RLC circuit inductor/capacitor combined voltage?

[ike2010]

RLC circuit inductor/capacitor combined voltage??

I have an RLC circuit. I understand that the combined sum of the voltage magnitudes across the three components will be greater than the signal generator. I don't understand, however, why the combined voltage across the inductor and the capacitor will always be greater than zero? Isn't the voltage sign of these two components opposite? And if so, as one is increasing and the other is decreasing, wouldn't there be a moment when the sum equaled zero? Thanks for any input on this. It's driving me crazy.

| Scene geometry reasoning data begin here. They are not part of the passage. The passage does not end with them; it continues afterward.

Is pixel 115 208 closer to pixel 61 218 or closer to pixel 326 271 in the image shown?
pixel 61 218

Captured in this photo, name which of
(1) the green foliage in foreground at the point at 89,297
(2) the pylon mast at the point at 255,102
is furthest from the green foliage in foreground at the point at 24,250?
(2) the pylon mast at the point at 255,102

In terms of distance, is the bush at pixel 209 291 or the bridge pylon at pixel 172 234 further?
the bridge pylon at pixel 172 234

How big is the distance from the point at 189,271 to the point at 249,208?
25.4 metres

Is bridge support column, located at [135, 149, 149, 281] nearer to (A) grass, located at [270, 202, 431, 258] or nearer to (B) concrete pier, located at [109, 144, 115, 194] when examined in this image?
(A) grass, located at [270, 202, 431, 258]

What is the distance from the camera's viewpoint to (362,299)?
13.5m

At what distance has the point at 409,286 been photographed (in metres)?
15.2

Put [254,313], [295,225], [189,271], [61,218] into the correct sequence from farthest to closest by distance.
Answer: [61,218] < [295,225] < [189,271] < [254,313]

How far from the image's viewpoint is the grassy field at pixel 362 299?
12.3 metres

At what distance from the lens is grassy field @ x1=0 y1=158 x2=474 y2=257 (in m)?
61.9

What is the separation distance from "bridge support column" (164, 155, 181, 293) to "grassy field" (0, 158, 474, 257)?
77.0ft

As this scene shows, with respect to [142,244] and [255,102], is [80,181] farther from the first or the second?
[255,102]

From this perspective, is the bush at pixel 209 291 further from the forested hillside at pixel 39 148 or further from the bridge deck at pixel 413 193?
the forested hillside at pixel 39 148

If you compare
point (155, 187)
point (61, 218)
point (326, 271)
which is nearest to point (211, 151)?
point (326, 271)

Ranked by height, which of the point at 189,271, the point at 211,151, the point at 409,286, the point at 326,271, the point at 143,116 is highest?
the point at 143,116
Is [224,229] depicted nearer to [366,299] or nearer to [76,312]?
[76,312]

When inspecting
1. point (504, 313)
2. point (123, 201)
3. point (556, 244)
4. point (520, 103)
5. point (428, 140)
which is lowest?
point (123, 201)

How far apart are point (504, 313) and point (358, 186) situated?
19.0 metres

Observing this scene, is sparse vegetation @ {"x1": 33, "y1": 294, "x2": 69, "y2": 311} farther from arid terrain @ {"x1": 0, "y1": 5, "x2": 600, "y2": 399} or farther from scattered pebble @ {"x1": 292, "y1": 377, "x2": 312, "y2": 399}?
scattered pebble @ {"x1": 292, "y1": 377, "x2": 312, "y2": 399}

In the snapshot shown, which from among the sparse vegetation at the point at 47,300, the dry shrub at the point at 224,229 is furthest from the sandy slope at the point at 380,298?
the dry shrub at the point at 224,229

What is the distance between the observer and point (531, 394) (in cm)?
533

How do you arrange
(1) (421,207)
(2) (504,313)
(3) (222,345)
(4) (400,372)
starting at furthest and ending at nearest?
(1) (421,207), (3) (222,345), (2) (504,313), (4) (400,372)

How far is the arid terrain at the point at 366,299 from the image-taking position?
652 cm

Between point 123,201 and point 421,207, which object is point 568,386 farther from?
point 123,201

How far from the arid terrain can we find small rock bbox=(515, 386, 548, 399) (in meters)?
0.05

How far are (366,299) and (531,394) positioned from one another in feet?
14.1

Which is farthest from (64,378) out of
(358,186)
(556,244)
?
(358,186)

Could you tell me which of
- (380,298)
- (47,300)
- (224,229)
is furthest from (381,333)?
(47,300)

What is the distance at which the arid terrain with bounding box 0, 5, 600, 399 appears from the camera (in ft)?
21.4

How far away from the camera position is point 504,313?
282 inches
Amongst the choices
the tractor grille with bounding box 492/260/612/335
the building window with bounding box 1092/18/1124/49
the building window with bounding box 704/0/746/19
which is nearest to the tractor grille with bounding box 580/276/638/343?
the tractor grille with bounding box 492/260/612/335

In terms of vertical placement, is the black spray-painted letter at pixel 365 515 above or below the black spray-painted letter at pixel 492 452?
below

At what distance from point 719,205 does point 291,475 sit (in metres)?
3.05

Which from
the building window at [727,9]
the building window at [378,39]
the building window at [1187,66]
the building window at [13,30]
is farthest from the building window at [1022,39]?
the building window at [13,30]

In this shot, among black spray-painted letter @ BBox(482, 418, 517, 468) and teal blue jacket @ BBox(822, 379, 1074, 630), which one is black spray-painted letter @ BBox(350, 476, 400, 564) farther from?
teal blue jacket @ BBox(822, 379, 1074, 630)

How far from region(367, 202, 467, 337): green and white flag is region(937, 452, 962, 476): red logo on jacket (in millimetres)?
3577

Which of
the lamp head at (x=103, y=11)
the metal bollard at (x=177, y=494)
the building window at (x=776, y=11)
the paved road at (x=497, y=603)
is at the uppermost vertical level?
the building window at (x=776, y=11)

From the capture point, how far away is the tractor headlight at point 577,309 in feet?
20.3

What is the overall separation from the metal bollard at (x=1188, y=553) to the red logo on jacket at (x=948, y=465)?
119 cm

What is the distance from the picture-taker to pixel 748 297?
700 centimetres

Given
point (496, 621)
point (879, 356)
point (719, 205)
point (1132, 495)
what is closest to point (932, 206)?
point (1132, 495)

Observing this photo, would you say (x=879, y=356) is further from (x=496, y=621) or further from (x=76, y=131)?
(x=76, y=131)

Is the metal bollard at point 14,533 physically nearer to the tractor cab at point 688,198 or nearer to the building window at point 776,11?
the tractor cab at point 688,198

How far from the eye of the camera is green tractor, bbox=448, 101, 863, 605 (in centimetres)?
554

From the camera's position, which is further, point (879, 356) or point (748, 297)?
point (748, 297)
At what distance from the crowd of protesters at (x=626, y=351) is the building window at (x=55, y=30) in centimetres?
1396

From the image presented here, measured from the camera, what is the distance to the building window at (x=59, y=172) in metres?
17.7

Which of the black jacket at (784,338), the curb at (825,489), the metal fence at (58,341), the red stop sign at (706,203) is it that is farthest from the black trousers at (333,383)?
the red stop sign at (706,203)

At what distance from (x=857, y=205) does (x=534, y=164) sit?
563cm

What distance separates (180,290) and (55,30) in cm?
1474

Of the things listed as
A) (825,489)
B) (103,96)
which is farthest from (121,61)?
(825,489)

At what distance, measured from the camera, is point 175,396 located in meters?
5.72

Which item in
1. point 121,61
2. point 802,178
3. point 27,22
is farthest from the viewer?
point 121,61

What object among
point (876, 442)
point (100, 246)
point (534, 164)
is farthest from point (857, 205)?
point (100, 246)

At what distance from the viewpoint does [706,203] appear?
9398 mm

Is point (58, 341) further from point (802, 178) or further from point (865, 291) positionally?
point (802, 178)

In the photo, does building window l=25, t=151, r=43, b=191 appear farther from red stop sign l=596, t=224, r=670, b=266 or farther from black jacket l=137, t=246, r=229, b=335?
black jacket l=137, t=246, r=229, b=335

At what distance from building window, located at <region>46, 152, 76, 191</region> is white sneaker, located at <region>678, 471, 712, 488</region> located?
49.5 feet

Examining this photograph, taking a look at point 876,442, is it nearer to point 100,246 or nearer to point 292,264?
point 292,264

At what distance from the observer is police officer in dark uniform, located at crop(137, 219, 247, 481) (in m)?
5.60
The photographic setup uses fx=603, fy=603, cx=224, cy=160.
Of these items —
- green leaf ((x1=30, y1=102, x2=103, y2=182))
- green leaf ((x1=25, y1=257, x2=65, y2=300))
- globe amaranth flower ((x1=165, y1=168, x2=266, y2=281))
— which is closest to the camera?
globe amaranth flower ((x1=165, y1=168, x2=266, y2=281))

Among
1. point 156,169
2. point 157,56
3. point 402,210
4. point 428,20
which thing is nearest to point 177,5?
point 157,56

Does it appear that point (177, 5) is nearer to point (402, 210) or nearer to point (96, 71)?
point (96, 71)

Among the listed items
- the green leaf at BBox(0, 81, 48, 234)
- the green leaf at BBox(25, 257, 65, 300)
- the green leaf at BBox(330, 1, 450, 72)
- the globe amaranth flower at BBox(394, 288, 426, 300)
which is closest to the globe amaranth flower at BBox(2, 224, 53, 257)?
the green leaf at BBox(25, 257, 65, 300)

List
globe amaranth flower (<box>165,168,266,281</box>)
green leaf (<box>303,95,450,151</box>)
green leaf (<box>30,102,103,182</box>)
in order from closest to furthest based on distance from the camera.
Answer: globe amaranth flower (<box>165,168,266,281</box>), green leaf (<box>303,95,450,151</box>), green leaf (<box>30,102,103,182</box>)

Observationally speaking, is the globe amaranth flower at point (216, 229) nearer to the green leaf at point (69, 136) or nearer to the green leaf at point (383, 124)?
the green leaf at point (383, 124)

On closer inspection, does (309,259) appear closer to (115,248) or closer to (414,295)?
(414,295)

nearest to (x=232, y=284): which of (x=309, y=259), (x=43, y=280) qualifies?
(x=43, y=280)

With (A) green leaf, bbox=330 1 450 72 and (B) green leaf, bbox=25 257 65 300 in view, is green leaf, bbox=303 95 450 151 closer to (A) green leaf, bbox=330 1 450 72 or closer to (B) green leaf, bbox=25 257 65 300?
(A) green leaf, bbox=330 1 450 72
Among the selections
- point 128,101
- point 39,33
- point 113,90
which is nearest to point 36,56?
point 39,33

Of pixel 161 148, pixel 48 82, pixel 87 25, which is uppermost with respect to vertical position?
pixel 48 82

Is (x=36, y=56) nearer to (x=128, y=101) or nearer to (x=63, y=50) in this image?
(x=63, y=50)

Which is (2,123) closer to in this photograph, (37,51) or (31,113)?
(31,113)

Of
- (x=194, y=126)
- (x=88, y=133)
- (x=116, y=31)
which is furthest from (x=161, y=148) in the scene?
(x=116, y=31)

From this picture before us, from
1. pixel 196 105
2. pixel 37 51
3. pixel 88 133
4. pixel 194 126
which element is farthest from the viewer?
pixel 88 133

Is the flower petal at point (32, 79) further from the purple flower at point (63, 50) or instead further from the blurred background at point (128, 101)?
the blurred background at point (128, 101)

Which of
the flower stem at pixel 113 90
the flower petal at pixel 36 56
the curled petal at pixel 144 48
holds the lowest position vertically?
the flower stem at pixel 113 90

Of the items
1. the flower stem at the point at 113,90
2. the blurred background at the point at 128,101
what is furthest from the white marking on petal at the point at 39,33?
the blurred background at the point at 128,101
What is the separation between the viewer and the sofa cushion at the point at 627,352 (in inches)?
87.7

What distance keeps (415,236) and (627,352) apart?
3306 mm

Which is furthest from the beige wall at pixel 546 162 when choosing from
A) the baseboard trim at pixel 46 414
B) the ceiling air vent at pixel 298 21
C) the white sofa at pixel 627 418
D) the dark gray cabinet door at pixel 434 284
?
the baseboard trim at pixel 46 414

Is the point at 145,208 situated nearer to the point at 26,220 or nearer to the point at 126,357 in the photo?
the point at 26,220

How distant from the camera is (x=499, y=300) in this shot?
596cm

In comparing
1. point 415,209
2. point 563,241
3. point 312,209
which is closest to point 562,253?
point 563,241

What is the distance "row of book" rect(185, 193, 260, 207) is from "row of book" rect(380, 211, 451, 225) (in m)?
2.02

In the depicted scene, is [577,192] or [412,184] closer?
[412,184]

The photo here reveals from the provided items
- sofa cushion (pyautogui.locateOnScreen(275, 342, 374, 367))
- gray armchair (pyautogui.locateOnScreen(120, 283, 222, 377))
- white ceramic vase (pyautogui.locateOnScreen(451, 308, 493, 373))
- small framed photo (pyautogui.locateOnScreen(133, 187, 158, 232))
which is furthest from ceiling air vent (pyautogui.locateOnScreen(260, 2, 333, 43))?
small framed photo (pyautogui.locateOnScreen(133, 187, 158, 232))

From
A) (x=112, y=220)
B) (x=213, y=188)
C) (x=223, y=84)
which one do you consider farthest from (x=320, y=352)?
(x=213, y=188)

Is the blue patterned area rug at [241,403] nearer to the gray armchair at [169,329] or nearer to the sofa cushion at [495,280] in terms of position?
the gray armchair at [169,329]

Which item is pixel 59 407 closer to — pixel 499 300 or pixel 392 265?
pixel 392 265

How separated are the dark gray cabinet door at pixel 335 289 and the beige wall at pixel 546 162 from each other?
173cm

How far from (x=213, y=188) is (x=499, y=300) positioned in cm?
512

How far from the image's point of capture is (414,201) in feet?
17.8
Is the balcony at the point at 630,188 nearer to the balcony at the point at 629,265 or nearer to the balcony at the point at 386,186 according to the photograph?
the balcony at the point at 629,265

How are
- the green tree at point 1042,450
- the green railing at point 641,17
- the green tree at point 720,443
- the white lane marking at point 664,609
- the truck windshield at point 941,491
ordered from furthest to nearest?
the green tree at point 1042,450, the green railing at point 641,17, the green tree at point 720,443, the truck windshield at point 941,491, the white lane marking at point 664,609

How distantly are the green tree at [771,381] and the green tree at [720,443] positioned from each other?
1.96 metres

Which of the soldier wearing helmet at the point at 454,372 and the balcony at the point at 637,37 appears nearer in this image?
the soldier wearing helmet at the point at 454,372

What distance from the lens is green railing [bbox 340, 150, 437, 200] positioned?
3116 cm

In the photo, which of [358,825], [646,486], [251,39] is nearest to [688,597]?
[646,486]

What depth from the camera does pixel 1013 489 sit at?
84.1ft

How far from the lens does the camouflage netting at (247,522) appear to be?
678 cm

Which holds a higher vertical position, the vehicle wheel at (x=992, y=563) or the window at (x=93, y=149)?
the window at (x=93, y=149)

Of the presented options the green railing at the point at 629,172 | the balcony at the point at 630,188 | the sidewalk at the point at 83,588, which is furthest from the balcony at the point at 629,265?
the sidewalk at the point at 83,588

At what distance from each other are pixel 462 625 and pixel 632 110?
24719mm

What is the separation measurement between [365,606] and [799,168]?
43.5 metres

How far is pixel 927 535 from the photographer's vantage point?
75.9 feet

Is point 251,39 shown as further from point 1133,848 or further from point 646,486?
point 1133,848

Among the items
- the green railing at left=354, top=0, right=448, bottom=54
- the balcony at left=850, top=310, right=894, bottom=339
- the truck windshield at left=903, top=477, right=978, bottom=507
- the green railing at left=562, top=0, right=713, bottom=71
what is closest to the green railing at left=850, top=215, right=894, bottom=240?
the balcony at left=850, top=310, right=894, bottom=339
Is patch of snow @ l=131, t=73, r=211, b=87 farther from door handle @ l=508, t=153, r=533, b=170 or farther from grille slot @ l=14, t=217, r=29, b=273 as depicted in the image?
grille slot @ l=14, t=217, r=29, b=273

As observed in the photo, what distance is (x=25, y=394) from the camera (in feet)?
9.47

p.s. for clarity, I'm wondering why the sum of the voltage across the inductor and capacitor is always greater than zero?

 

[chroot]

I think you're going to have to give us a little more information before we're going to be able to make sense of your question. What kind of RLC circuit is this? Series? Parallel? What kind of signal is driving it? How is the signal source connected to the circuit?

- Warren

 

[ike2010]

more info...

My bad. It's an RLC circuit in series. The signal generator is 6V. The circuit is set up like this sg ---> capacitor ---> resistor ---> inductor ---> sg

The only thing I can come up with is that maybe the sum will always be greater than zero because this isn't a perfect circuit and there is resistance in the wire and the inductor?

 

[chroot]

Originally posted by ike2010
The signal generator is 6V.

You mean it's just a constant 6V? DC?

- Warren

 

[ike2010]

6V AC

6V AC

 

[gnome]

originally posted by ike2010
I understand that the combined sum of the voltage magnitudes across the three components will be greater than the signal generator.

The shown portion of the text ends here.